Zhang Jing, Luan Liang, Xu Youdong, Jiang Shuyuan, Zhang Wenpeng, Tian Long, Ye Weifeng, Han Jiaqi, Zhang Changhao, Wang Taoran, Meng Qingbing
State Key Laboratory of National Security Specially Needed Medicines, Beijing Institute of Pharmacology and Toxicology, Beijing 100850, China; Key laboratory of Natural Medicines of the Changbai Mountain, Ministry of Education, College of Pharmacy, Yanbian University, Yanji 133002, China.
Department of Laboratory Medical Center, General Hospital of Northern Theater Command, No.83, Wenhua Road, Shenhe District, Shenyang 110016, China.
J Adv Res. 2025 Jan 18. doi: 10.1016/j.jare.2025.01.029.
In recent years, cationic amphipathic antimicrobial peptides (AMPs) have shown great promise in combating antibiotic resistance on account of their distinctive membrane-disruptive mechanism. However, the clinical application of AMPs is restricted by their unsatisfactory stability and safety. Although attempts have been made to improve the stability and safety of AMPs, many of them are accompanied by a decline in their antimicrobial activity and bacterial selectivity.
To develop AMPs with excellent and balanced antimicrobial activity, stability, and safety using a combination strategy.
A series of sC18-derived peptide analogues were designed by a combination strategy of subtly adjusting the charges, hydrophobic properties, and introducing specific unnatural amino acids in a well-balanced manner. The antimicrobial activity, cytotoxicity, hemolytic activity, stability, anti-biofilm activity, mechanism of action, synergistic effects, in vivo efficacy, and pharmacokinetics of the analogues were evaluated.
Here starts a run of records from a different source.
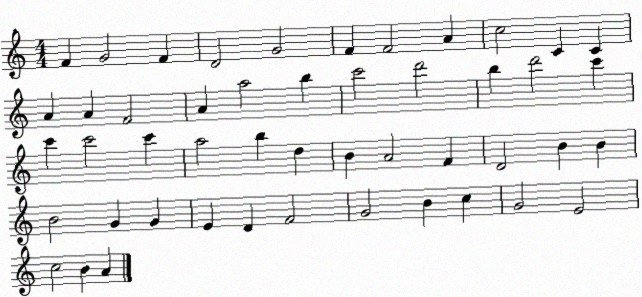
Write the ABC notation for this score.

X:1
T:Untitled
M:4/4
L:1/4
K:C
F G2 F D2 G2 F F2 A c2 C C A A F2 A a2 b c'2 d'2 b d'2 c' c' c'2 c' a2 b d B A2 F D2 B B B2 G G E D F2 G2 B c G2 E2 c2 B A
Among these analogues, P-α-02-B stood out for its broad-spectrum and potent antimicrobial activity, anti-biofilm activity, desirable bacterial selectivity, high plasma stability, and synergistic effect with antibiotic levofloxacin. P-α-02-B exhibited strong membrane disturbance effect, which could be explained by its rigid α-helical structure revealed by molecular dynamics simulations. More importantly, P-α-02-B showed favorable therapeutic efficacy in vivo, whether used alone or in combination with levofloxacin.
P-α-02-B is a promising antimicrobial agent for MDR bacterial infections, demonstrating the effectiveness of the combination strategy for AMP development.
近年来,阳离子两亲性抗菌肽(AMPs)因其独特的膜破坏机制在对抗抗生素耐药性方面显示出巨大潜力。然而,AMPs的临床应用受到其稳定性和安全性不尽人意的限制。尽管人们已尝试提高AMPs的稳定性和安全性,但其中许多尝试都伴随着抗菌活性和细菌选择性的下降。
采用联合策略开发具有优异且平衡的抗菌活性、稳定性和安全性的AMPs。
通过巧妙调整电荷、疏水性并以平衡的方式引入特定非天然氨基酸的联合策略,设计了一系列sC18衍生的肽类似物。评估了这些类似物的抗菌活性、细胞毒性、溶血活性、稳定性、抗生物膜活性、作用机制、协同效应、体内疗效和药代动力学。
在这些类似物中,P-α-02-B因其广谱强效的抗菌活性、抗生物膜活性、理想的细菌选择性、高血浆稳定性以及与抗生素左氧氟沙星的协同效应而脱颖而出。P-α-02-B表现出强烈的膜干扰效应,分子动力学模拟揭示的刚性α-螺旋结构可以解释这一现象。更重要的是,P-α-02-B无论单独使用还是与左氧氟沙星联合使用,在体内均显示出良好的治疗效果。
P-α-02-B是一种用于治疗多重耐药菌感染的有前景的抗菌剂,证明了联合策略在AMPs开发中的有效性。